Die Forderung nach der Übergabe des Hochtals bleiben für Pakistans
Selbstverständnis, aber mehr noch für Pakistans Armee, unverzichtbar.
Der Unterschied zu Indien
besteht nun darin, dass Indien – entgegen weit verbreiteter Meinung – seit
seiner Gründung mehr potenziell kriegerisches Konfliktpotenzial eingedämmt als
freigesetzt hat: Im Gegensatz zu Pakistan ist für Indien der Dauerkonflikt mit
seinem Nachbarn nicht von existenzieller Bedeutung. Zwar bräuchte auch Indien
diese Muslimmehrheitsprovinz, um seinen säkularen Nationenanspruch zu
bekräftigen, aber in Indien gilt die Armee nicht als einziger verlässlicher
Garant der fortdauernden Existenz des Staates.
Im Land der Ghandis hat
nicht das Militär, sondern die Congress-Partei, sowohl außen- als auch innenpolitisch das Zepter in
der Hand.

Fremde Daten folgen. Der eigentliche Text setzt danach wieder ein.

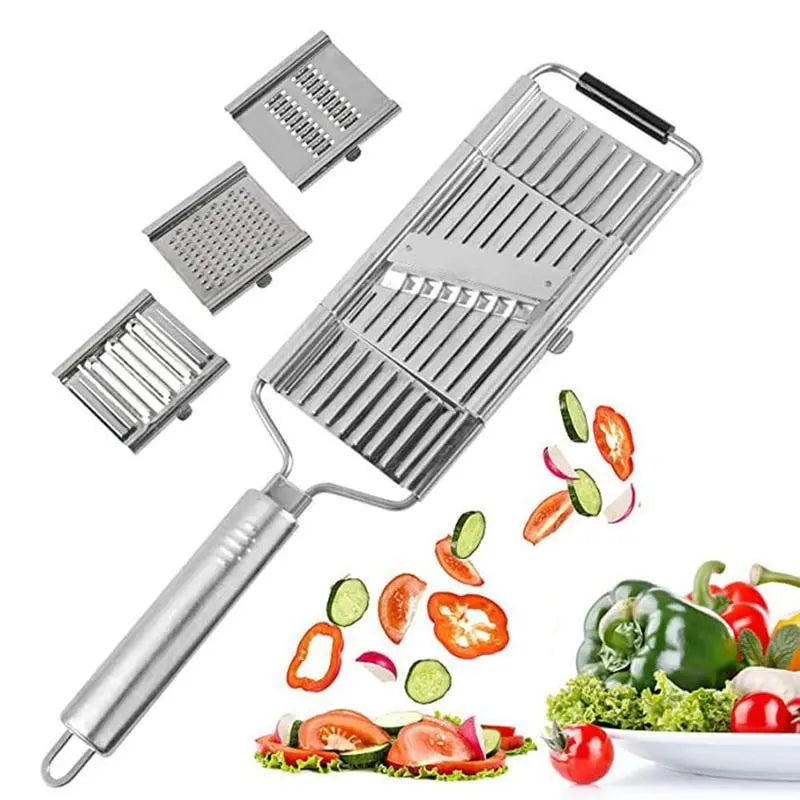 JASISS Stainless Steel 4-in-1 Multi-Purpose Kitchen Vegetable Slicer Veggie Chopper Grater Set - 4 Adjustable Blades, Kitchen Utensils & Gadgets, Christmas/New Year Gift,sohochic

Besser noch, politische Agitationsbewegungen im Innern schließen sich
bis dato im Großen und Ganzen entweder den Congress-Organisationen
an, oder sie gründen eigene, regionalistische, aber selten sezessionistische
Parteien. Über eine Strategie der Wähler-Minderheitenkoalition hat der Congress
bei den gerade abgehaltenen Parlamentswahlen wieder bewiesen, dass er in der
Lage ist, die vier größten Minderheitengruppen (Unberührbare 17 %, Stammesbevölkerung
7 %, Muslime 12 % und einflussreiche Bauern-Kasten 10 %) an sich zu binden und
gefährliche gesellschaftspolitische Konfrontationen aufzuschieben oder abzuschwächen.(5)
Die Partei steht
gewissermaßen für das gesamte Meinungsspektrum – mit Ausnahme weniger
radikaler, fundamentalistischer oder sezessionistischer, aber vor allem kleiner
Randgruppen. Dies funktioniert, weil der Congress in seiner Binnenstruktur
verbal-sozialistische, liberale Fraktionen, Hindukonservative, Muslime und
Sikhs, aber auch zentralistische Parteikader einbinden kann. Damit müssen sich
die wenigen unabhängigen Splittergruppen auf extreme Standpunkte festlegen.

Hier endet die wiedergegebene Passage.